集合場所である地下鉄菊水駅は、札幌の歴史の上では大変重要な位置づけとなる「白石遊郭」の真っ只中だった場所にあります。
遊郭が栄華を誇った時代には、現在の菊水2条2丁目の藤井ビル前と同5条2丁目の菊水公園前に大きな門があって、遊郭内と娑婆との境界になっていました。このことから、この通りは今でも「大門通」という名前で呼ばれています。
遊郭が現実だった時代は勿論知る由もありませんが、ここから2丁ほど離れた所で生まれ育った筆者が子供の頃には、既に遊郭は廃れ果て、廃墟となった建物の中庭を取り巻く回廊が我々の遊び場になっていたもので、その雰囲気の片鱗だけは子供なりになんとなく感じていました。

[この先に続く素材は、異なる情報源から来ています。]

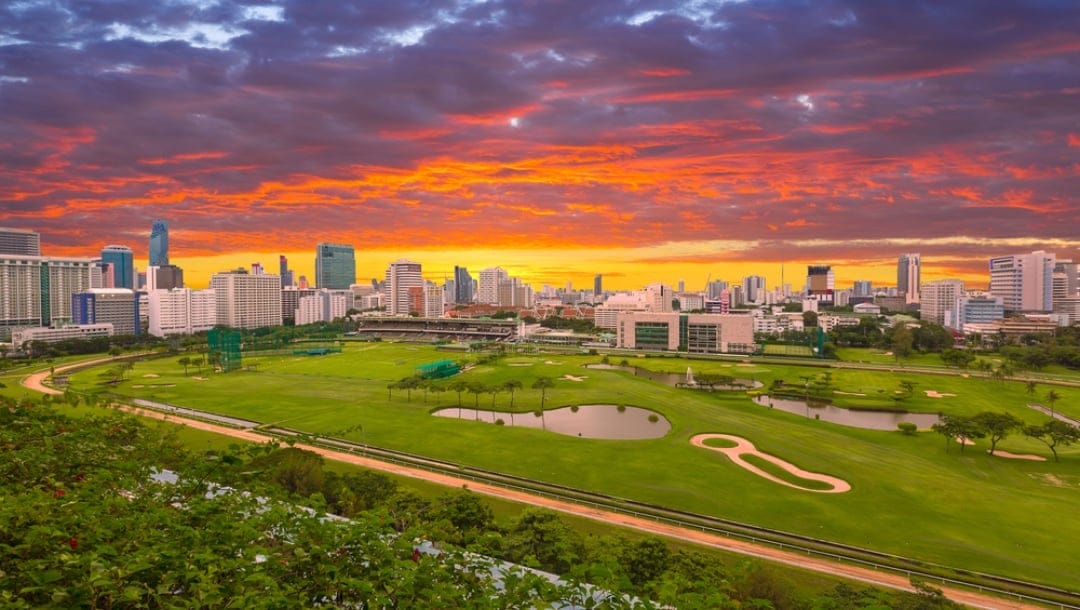 A racetrack going around a golf course with a cityscape in the sunset.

尤も例の法律の施行後も近隣の非合法地帯は相変わらず存在していて、小生が社会に出てからも、豊平側にはその筋の店が何軒かあったという記憶があります。
子供の当時は、日が暮れるまで走り回って遊んでは、二階の廊下を踏み抜いて階下まで落ちたりしたものですが、さすが昔の子供はそんなことくらいでは怪我などした覚えはありません。懐かしいやんちゃ坊主時代の思い出です。

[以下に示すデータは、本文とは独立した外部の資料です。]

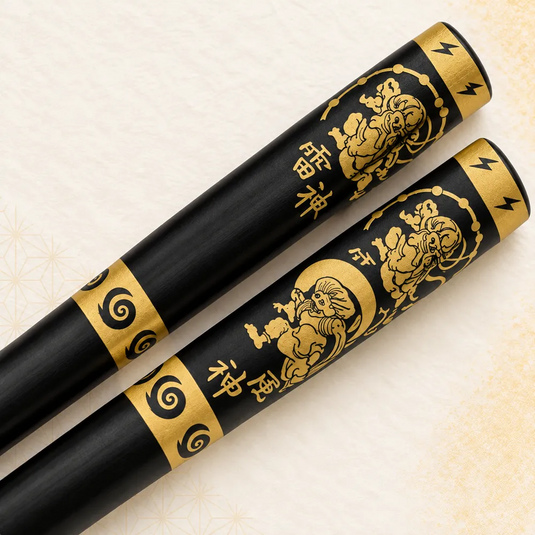 Très gros plan des personnages, inscriptions et ornements dorés sur les baguettes japonaises Oni Kuro.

一条橋たもとから豊平川の堤防に出て、豊平川右岸通と、河原越しに中央区のビル群を左右に見ながら南下すると、河岸公園にひっそりと見落としてしまいそうなモニュメントを見つけることが出来ます。よく見ると、表示には「有島武郎邸跡地」とあります。
ここは有島武郎が結婚後の1910(明治43)年10月から約1年間住んだ住居の跡地(実際には道路の向かい側)で、住宅そのものは、厚別の開拓の村に移転保存されています。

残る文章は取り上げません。